→ **Brief descriptive captions**:
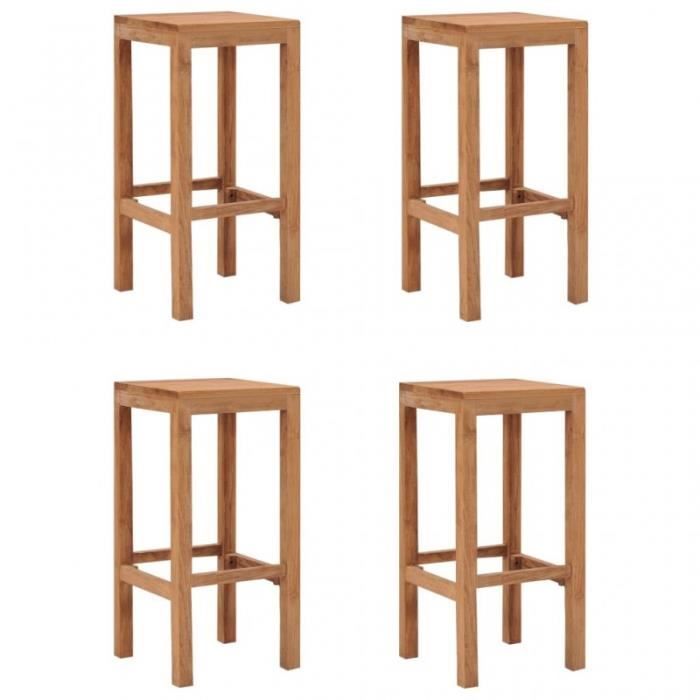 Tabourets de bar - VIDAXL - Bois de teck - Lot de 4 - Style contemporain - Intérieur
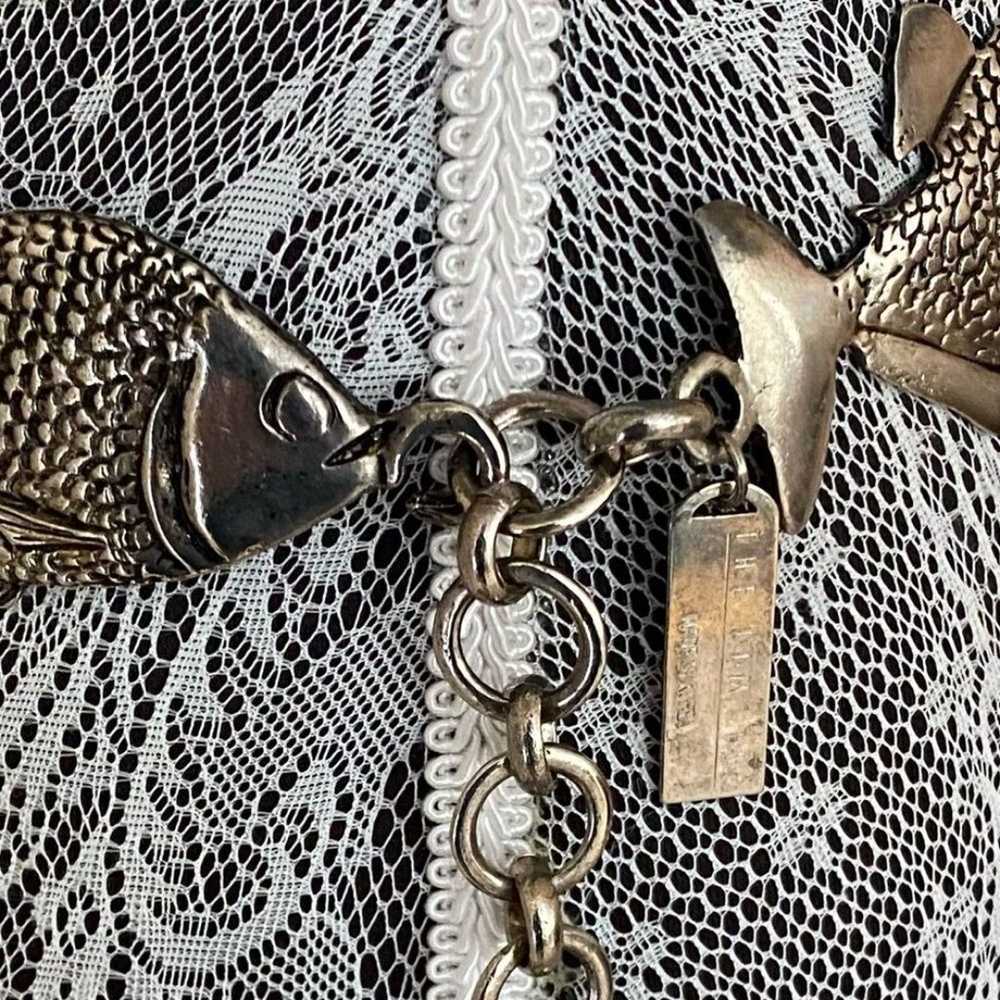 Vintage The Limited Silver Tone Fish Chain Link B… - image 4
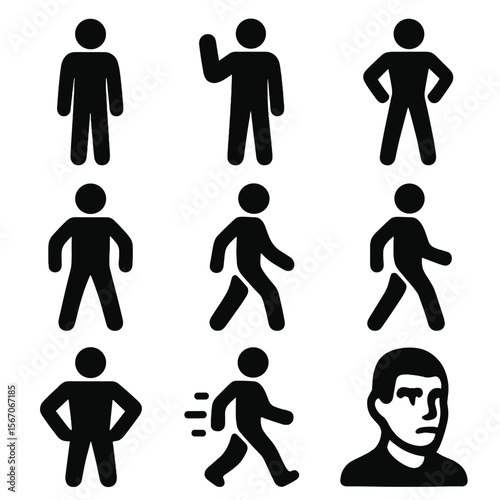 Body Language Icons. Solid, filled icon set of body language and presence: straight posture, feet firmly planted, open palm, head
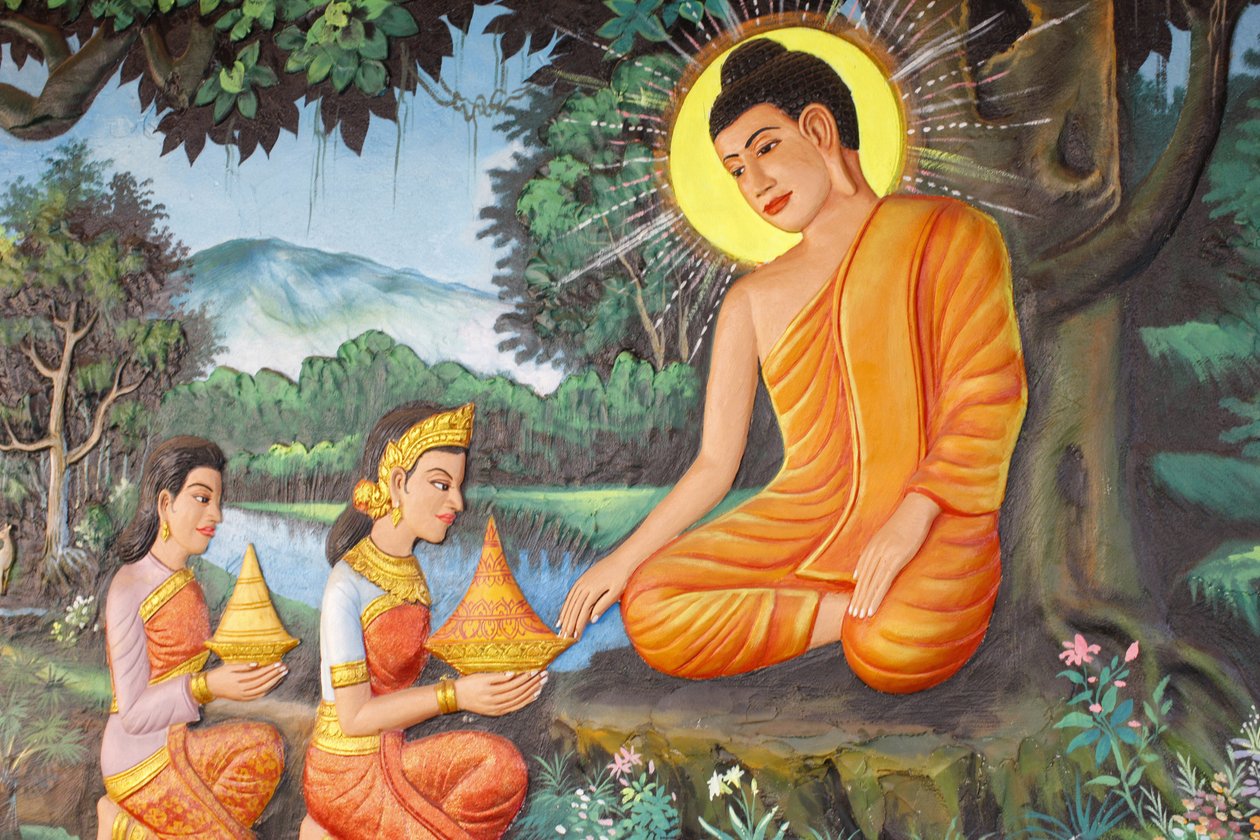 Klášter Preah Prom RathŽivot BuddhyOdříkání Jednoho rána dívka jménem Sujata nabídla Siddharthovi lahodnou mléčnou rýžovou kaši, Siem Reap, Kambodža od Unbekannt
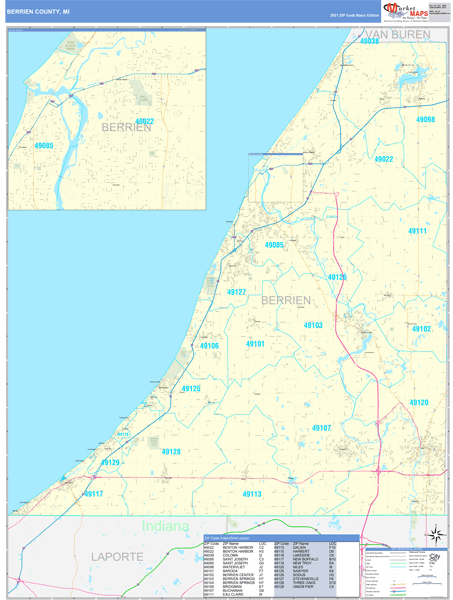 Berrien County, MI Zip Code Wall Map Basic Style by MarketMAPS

→ **What you have to do**: Beginning with the line that contains "Vintage The Limited" and ending with the last line of the data above, output those lines exactly and nothing more, without any pictures.

→ **Response to this exercise**:
 Vintage The Limited Silver Tone Fish Chain Link B… - image 4
 Body Language Icons. Solid, filled icon set of body language and presence: straight posture, feet firmly planted, open palm, head
 Klášter Preah Prom RathŽivot BuddhyOdříkání Jednoho rána dívka jménem Sujata nabídla Siddharthovi lahodnou mléčnou rýžovou kaši, Siem Reap, Kambodža od Unbekannt
 Berrien County, MI Zip Code Wall Map Basic Style by MarketMAPS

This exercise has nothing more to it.